• [WORK REQUEST]:
The expected output is each line in the data below that includes the string "Appartement".

• [INPUT DATA]:
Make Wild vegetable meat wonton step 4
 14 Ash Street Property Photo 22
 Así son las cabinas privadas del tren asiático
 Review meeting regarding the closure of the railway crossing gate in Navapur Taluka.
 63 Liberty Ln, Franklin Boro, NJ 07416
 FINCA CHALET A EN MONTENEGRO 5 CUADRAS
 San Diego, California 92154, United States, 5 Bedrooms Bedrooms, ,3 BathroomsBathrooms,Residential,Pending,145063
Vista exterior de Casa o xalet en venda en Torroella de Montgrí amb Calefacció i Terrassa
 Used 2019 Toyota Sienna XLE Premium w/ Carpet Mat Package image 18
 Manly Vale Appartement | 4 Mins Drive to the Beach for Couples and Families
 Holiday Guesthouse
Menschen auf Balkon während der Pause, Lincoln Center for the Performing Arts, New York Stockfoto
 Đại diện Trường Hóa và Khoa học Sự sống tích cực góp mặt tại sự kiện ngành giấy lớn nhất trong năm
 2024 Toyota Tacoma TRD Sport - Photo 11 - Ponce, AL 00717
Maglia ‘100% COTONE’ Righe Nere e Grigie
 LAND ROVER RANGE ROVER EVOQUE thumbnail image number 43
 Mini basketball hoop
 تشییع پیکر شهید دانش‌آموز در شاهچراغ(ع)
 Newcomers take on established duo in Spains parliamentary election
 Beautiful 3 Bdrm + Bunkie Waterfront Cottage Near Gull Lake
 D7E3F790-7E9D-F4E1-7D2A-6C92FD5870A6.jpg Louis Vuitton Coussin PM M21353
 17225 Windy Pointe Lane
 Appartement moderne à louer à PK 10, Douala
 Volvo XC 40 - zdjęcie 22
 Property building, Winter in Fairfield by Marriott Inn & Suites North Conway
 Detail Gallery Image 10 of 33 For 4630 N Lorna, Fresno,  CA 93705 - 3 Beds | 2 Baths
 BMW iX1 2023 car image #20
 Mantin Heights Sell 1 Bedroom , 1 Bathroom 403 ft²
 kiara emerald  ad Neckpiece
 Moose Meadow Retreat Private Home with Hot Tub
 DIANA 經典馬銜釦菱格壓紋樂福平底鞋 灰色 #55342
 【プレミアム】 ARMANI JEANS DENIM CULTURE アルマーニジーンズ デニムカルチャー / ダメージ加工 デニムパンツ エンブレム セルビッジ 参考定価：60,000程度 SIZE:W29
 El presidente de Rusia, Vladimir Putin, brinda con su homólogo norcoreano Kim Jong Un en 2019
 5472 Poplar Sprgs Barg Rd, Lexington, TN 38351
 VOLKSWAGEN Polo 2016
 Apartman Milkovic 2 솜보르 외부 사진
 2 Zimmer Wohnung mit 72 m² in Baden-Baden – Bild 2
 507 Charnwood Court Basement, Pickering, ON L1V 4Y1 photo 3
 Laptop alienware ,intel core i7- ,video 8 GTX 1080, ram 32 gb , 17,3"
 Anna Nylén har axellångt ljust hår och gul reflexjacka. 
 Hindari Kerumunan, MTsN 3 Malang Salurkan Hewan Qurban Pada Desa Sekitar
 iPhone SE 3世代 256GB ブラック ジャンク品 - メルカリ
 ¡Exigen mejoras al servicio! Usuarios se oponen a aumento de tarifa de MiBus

• [EXERCISE RESULT]:
 Manly Vale Appartement | 4 Mins Drive to the Beach for Couples and Families
 Appartement moderne à louer à PK 10, Douala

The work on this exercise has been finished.